Crítica | Trabalhar Cansa (2011)

No Brasil, o cinema tem muitos assuntos para se tornar uma ferramenta de crítica social, e por consequência, de protesto. Um deles é a relação trabalhista entre patrão e empregado, independente do caso em que se dá essa relação, sempre o empregado sai prejudicado, seja por ganhar pouco e trabalhar muito, por ser demitido sem esperar ou no caso da relação que se dá em comércios pequenos.

Logo, é um tanto quanto brilhante ver todas essas situações descritas acima em um filme de suspense, quase um filme noir. Dirigido por Juliana Rojas e Marco Dutra, “Trabalhar Cansa” conta a história de Helena (interpretada por Helena Albergaria) e seu marido Otávio (Marat Descartes), pertencentes a classe média, ele acabou de ser demitido da empresa onde trabalhava e ela alugou um espaço e abriu um mercadinho. A família contratou uma empregada, chamada Paula (representada por Naloana Lima) para cuidar da casa e da filha enquanto ambos vivem suas vidas. Enquanto isso, coisas suspeitas acontecem dentro do estabelecimento de Helena.

A obra consegue manter o suspense o tempo todo, devido a sua iluminação e principalmente aos seus movimentos de câmera, que optam por não solucionar o autor das coisas que acontecem no mercado e sim por se aprofundar nas relações de Helena com os funcionários e na busca de Otávio por um novo emprego, sem esquecer, da relação dos dois com Paula.

Em relação a iluminação, o filme é sempre escuro, mesmo nas cenas que poderiam ser mais claras por serem mais felizes, como a cena do natal ou as cenas com a filha. Logo, é como se a vida de Helena fosse o tempo inteiro conturbada e controlada pelo o que acontece no mercado, levando-a mudar de atitudes perante as pessoas no decorrer da projeção.

Não que ela seja uma ótima pessoa, mas, o racismo e o fato de ela ser uma chefe abusiva, começam de forma velada, a cada olhada ou fala dita com um pouco mais de ironia e com o desenvolvimento da obra, isso deixa de ser velado para ser cruel, prejudicando a vida das pessoas ao seu redor, como o funcionário que ela acusa de roubo ou a vontade dela de querer abrir o mercado no carnaval, quando tinha dito que não o faria.

Assim, ela é uma pessoa cruel, que não entende a igualdade de todos nós, independente de nossa classe financeira. Percebemos que isso vem da criação que ela teve pela mãe, principalmente quando esta fala após se intrometer no trabalho de Paula “adoro limpar a casa, me relaxa”, sendo que para a moça, não é lazer, é necessidade, e ver alguém tratando a necessidade como lazer, é preconceito.

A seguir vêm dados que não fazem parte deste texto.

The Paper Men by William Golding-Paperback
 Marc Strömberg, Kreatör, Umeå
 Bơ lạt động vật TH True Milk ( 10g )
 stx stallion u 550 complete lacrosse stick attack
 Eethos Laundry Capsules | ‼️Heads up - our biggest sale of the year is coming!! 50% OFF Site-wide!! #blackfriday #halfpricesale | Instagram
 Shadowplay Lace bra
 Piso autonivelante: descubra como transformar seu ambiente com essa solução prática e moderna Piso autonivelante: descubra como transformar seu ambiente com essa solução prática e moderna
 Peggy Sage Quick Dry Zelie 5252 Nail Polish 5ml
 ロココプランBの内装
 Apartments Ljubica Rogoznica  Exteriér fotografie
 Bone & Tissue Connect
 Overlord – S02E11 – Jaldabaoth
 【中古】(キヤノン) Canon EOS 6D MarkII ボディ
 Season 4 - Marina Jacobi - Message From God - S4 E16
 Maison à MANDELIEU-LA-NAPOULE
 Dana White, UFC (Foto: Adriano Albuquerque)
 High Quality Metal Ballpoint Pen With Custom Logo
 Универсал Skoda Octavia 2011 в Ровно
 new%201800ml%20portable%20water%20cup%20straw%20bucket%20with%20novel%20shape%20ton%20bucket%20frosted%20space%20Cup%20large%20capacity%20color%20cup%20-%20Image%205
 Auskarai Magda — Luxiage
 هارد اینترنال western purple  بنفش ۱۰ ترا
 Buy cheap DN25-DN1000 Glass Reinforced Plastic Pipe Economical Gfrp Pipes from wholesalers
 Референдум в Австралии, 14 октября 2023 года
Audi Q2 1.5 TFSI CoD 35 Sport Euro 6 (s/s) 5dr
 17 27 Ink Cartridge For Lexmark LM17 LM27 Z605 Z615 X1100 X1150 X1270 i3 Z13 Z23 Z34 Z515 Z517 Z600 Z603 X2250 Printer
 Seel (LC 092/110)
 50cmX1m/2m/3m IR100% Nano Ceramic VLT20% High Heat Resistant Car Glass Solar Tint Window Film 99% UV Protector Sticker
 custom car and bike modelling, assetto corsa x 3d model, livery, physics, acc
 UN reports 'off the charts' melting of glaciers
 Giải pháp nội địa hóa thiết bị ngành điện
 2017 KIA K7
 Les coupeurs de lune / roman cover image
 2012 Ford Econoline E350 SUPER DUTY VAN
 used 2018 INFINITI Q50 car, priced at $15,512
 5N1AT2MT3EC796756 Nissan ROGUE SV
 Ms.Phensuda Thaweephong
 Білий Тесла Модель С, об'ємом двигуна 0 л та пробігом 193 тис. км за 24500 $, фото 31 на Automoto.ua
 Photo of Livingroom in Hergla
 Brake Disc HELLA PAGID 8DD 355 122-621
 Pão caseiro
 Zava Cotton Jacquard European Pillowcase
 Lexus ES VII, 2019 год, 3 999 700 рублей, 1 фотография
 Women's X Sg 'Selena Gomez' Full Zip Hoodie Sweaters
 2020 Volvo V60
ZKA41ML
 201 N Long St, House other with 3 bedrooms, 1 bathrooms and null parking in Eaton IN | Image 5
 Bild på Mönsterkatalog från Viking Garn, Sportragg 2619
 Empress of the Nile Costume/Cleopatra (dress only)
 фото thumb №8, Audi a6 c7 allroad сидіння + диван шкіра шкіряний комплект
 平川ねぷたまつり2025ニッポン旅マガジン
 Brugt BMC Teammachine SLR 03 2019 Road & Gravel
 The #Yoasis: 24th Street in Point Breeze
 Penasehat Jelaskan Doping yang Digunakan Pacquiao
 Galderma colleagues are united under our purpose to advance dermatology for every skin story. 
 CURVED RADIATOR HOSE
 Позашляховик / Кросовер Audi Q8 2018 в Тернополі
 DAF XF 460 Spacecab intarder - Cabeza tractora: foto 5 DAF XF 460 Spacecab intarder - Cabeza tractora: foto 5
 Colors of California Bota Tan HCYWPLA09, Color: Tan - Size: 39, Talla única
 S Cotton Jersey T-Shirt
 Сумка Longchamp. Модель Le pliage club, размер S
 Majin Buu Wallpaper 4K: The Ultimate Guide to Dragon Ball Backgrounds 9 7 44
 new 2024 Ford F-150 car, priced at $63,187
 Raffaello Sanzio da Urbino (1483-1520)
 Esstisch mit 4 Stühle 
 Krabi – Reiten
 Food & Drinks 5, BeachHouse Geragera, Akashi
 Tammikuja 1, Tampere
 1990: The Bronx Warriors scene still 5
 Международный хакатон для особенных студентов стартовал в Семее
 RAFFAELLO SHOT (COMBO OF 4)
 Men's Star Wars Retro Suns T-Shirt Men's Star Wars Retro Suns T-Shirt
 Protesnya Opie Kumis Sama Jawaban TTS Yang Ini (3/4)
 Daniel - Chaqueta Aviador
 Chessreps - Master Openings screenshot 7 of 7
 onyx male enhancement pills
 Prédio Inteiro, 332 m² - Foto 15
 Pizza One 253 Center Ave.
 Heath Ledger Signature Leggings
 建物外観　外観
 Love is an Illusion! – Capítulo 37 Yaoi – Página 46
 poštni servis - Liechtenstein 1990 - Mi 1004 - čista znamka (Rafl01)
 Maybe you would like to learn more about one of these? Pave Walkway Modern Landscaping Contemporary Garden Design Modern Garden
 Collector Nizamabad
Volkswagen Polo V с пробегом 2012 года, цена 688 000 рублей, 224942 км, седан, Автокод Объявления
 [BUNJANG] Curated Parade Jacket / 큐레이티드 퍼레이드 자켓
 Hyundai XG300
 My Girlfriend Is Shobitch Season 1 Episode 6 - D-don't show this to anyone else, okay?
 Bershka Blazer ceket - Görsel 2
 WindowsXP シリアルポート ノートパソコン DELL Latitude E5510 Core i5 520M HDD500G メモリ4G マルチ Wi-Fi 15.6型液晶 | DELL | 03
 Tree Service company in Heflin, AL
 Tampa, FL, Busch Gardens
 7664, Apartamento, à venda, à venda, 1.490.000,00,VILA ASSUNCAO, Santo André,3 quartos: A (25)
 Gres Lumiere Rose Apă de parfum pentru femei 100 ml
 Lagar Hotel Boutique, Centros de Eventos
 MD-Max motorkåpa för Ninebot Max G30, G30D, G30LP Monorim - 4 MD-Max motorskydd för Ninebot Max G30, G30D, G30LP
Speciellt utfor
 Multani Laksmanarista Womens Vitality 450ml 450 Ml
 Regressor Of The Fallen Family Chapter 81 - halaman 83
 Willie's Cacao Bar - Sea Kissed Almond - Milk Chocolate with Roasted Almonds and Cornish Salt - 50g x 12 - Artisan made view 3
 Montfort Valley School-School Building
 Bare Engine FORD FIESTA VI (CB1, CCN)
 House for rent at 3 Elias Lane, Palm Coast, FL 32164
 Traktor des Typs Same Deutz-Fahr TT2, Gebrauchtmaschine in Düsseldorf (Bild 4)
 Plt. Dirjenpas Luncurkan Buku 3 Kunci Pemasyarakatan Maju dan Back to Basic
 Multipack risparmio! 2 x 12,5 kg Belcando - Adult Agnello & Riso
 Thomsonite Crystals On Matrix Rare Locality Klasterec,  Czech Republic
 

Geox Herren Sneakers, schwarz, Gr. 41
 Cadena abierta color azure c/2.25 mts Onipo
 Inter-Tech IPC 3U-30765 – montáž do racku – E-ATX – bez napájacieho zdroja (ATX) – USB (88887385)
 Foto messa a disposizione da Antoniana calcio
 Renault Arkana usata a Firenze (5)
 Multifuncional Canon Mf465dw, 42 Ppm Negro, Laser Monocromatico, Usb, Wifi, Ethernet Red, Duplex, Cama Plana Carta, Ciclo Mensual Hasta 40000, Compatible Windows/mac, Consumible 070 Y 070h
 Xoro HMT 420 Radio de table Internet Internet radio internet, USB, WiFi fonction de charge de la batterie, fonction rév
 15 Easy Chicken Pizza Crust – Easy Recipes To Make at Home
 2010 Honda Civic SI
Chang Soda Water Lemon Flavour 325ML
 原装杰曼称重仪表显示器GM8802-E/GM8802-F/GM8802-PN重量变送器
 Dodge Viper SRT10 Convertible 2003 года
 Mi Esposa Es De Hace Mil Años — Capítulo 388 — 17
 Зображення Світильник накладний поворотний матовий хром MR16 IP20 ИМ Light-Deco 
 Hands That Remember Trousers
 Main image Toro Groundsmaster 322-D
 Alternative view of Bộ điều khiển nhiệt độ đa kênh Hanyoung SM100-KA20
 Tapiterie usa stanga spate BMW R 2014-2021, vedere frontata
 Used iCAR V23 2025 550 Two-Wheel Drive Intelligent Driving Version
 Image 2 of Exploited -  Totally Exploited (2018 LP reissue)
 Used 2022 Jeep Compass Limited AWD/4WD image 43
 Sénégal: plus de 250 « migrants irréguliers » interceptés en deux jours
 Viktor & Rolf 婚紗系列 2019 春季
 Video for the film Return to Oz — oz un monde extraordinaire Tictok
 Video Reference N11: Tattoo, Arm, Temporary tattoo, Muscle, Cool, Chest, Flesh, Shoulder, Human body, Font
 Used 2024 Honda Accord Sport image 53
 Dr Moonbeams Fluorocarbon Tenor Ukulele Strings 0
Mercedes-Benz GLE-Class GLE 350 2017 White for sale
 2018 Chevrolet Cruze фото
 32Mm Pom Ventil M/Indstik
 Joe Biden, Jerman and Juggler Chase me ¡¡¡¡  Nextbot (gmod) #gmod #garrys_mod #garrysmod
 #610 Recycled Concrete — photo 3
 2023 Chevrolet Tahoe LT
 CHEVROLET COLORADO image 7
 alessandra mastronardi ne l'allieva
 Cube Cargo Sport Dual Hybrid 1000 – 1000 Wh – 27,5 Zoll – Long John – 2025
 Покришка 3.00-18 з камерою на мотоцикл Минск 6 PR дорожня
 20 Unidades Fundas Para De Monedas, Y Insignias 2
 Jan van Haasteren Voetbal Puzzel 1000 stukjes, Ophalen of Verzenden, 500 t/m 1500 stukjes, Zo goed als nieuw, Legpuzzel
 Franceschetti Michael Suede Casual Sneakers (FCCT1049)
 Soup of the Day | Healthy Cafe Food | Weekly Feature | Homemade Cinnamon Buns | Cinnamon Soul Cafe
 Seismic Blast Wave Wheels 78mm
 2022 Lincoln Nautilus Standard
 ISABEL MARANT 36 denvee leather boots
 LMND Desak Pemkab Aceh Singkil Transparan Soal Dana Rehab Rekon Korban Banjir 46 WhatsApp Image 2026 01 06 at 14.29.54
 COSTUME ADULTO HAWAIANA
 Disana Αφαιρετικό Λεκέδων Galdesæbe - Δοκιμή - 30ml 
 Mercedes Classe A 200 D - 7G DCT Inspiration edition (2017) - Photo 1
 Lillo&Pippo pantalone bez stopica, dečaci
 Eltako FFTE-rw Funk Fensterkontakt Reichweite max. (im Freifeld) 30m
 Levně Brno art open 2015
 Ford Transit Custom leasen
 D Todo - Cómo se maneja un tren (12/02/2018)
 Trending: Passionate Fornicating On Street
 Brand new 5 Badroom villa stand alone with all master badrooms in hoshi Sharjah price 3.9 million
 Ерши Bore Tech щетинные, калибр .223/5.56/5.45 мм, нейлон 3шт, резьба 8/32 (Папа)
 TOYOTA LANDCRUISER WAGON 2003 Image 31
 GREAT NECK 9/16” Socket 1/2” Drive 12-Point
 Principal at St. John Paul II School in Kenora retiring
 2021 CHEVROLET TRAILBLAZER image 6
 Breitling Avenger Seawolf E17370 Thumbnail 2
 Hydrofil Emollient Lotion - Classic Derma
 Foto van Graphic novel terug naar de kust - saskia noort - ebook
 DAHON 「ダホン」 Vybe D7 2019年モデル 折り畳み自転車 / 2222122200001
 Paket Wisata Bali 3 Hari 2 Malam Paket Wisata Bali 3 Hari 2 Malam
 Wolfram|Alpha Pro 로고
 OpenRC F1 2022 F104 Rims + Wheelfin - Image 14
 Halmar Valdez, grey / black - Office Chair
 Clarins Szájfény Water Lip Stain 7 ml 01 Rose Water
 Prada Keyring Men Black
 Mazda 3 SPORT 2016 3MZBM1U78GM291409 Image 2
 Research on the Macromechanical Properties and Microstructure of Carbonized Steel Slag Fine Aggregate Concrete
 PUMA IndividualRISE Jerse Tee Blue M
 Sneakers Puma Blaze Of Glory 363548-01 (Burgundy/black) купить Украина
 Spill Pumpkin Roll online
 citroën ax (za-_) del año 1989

Em relação ao suspense, como eu disse anteriormente, a iluminação e os movimentos de câmera o mantem sempre, no primeiro ponto, devido a escuridão ser  constante, no segundo, porque a câmera se move levemente, de forma simples, mudando de plano sem nem ao menos percebermos, por exemplo, na cena em que Helena tem uma conversa com a mãe, inicialmente, a mãe está em plano médio (da cintura para cima), aí, quando a interlocutora responde a pergunta feita por essa, a câmera se move com um travelling para o lado e se aproxima de Helena, dando um close no rosto dela, ou seja, indo para o primeiro plano.

Esse tipo de coisa facilita na decisão tomada pela direção de não mostrar quem é o autor das atitudes suspeitas no mercado, assim como em “A Morte num beijo” (Robert Aldrich, 1955), a força do filme não está em elucidar o suspense e sim em mantê-lo, mostrando como as pessoas são capazes de tudo para descobrir seja lá o que for que as incomoda ou a razão do problema naquele momento.

Logo, “Trabalhar Cansa” é um filme de suspense, que poderia se encaixar em vários outros gêneros devido a inteligência de Rojas e Dutra ao utilizar as ferramentas fílmicas para manter o mistério da trama, ao mesmo tempo servindo de metáfora social, que expõe como as relações de trabalho vão sempre beneficiar o patrão, independente do caso.